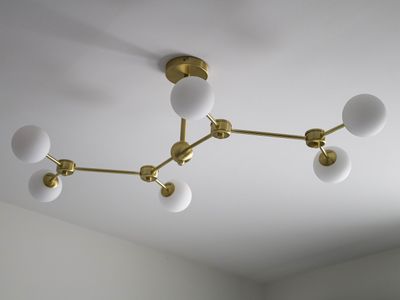 a chandelier that has five white glass balls on it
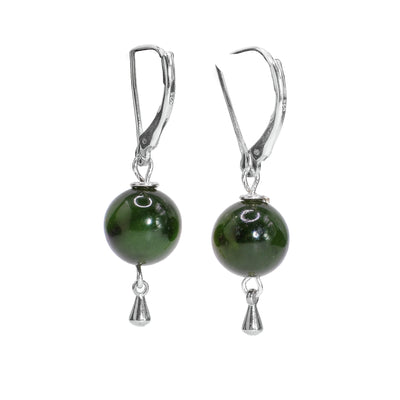 These dangling jade earrings have large, jade ball hangs and sterling silver hooks and charms dangling from the balls. Funky Drop Earrings.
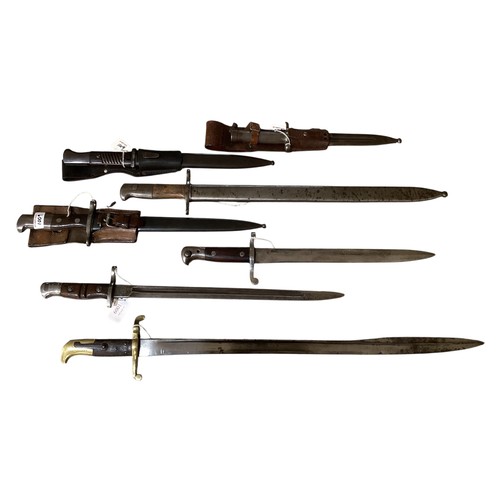 A collection of seven bayonets four with scabbards and some associated ...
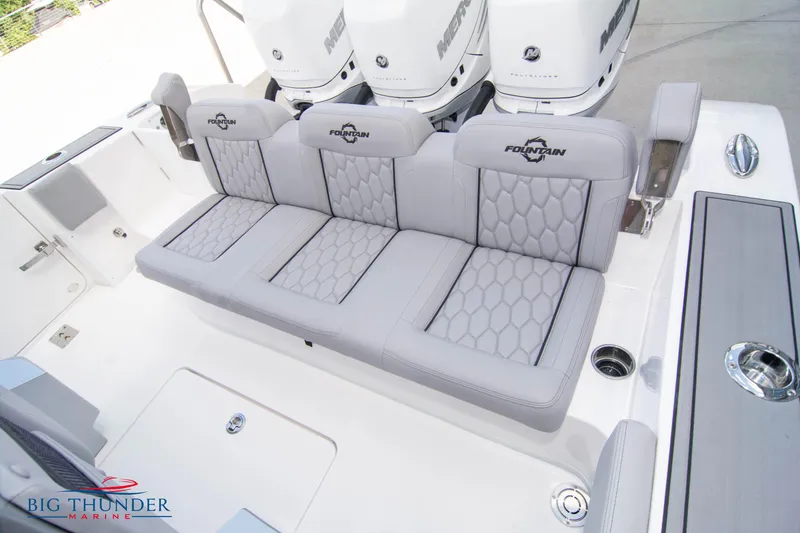 Slide: The Image of 2023 Fountain 38 SC boat with gray cushioned seating and triple Mercury engines. - 20
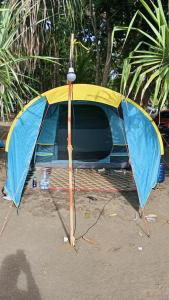 a blue and yellow tent sitting on the beach at Tenda Premium Pantai Madasari in Bulakbenda +2 photos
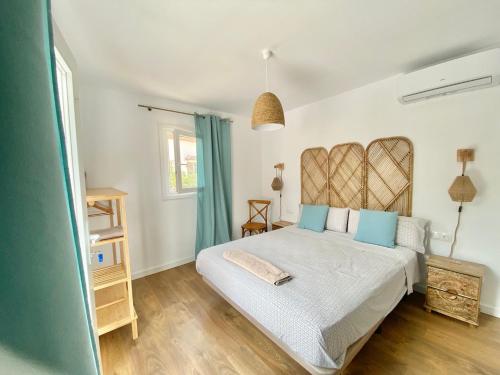 a bedroom with a large white bed with blue pillows at Harmony Home in Alcaucín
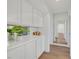 Hallway features built-in cabinets with decorative decor and wood floors at 8924 Signal Terrace Dr, Las Vegas, NV 89134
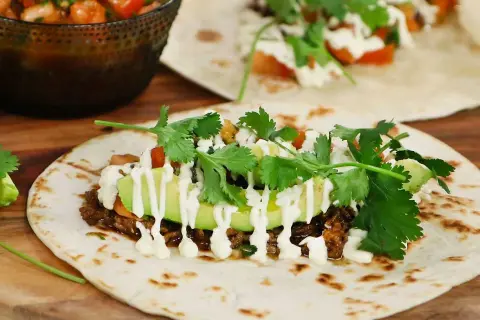 En närbild på en taco med köttfärs, avokado, koriander och en vit sås. Perfekt för ett tacokrydda recept!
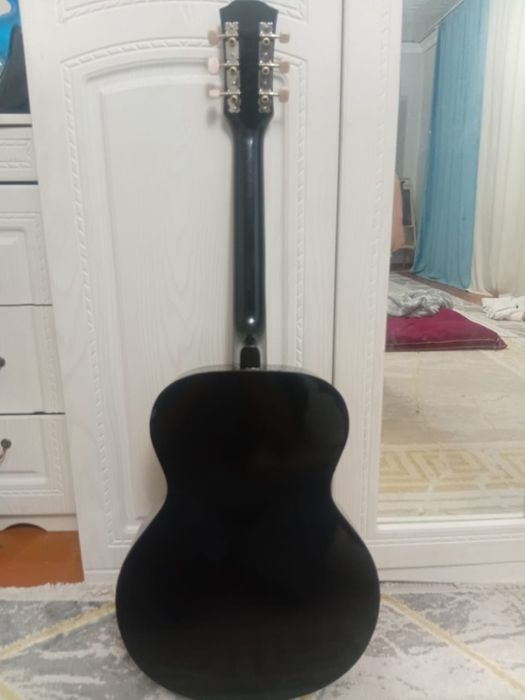 Гитара инструмент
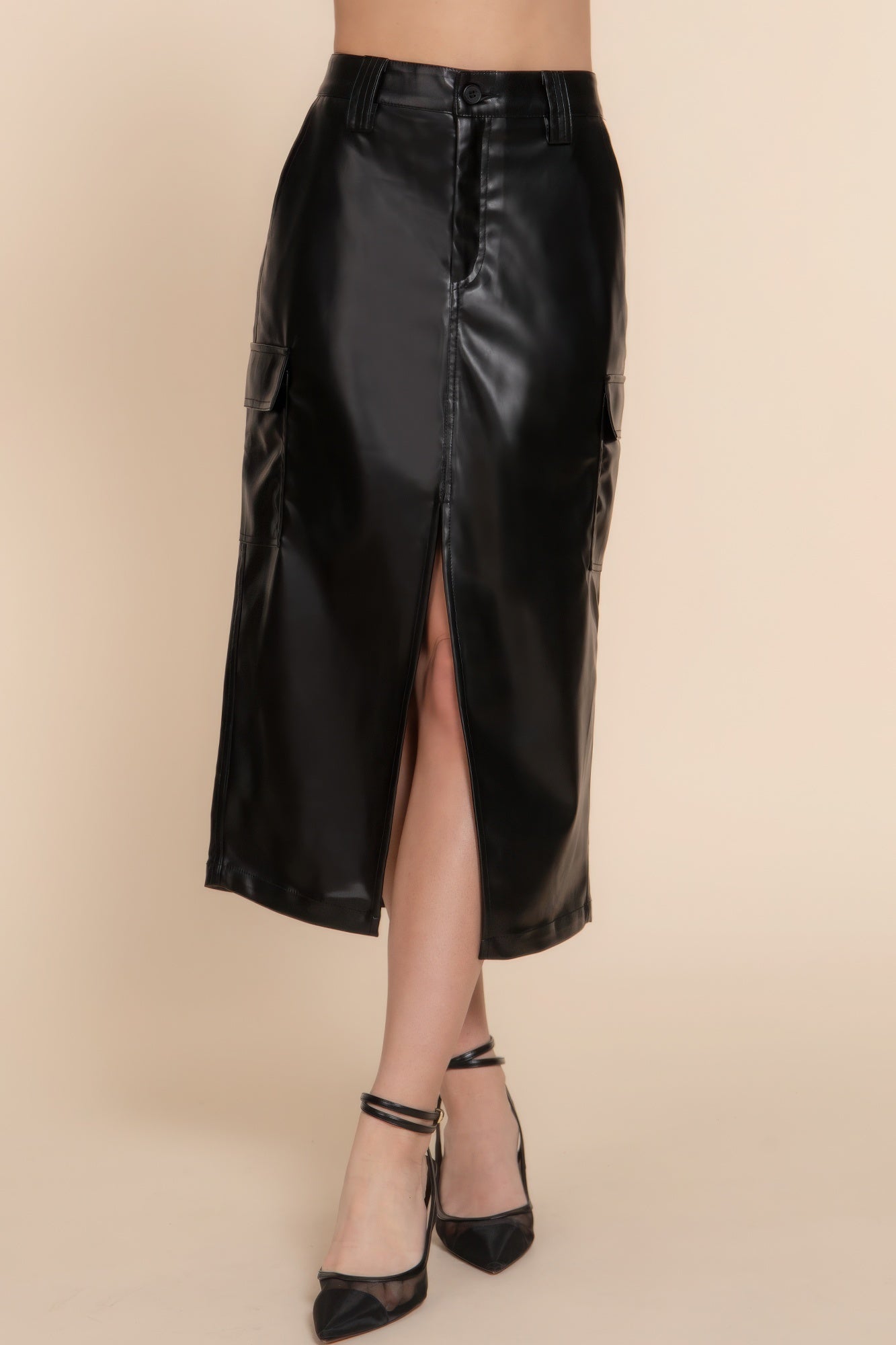 Sleek black faux leather midi cargo skirt with front slit and pockets, perfect for any occasion.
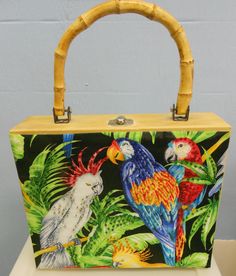 a handbag with parrots painted on it and bamboo handles, sitting on a table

- [Exercise objective]
The whole listing above needs to be copied exactly; please keep the pictures out.

- [Response to this task]
 a chandelier that has five white glass balls on it
 These dangling jade earrings have large, jade ball hangs and sterling silver hooks and charms dangling from the balls. Funky Drop Earrings.
 A collection of seven bayonets four with scabbards and some associated ...
 Slide: The Image of 2023 Fountain 38 SC boat with gray cushioned seating and triple Mercury engines. - 20
 a blue and yellow tent sitting on the beach at Tenda Premium Pantai Madasari in Bulakbenda +2 photos
 a bedroom with a large white bed with blue pillows at Harmony Home in Alcaucín
 Hallway features built-in cabinets with decorative decor and wood floors at 8924 Signal Terrace Dr, Las Vegas, NV 89134
 En närbild på en taco med köttfärs, avokado, koriander och en vit sås. Perfekt för ett tacokrydda recept!
 Гитара инструмент
 Sleek black faux leather midi cargo skirt with front slit and pockets, perfect for any occasion.
 a handbag with parrots painted on it and bamboo handles, sitting on a table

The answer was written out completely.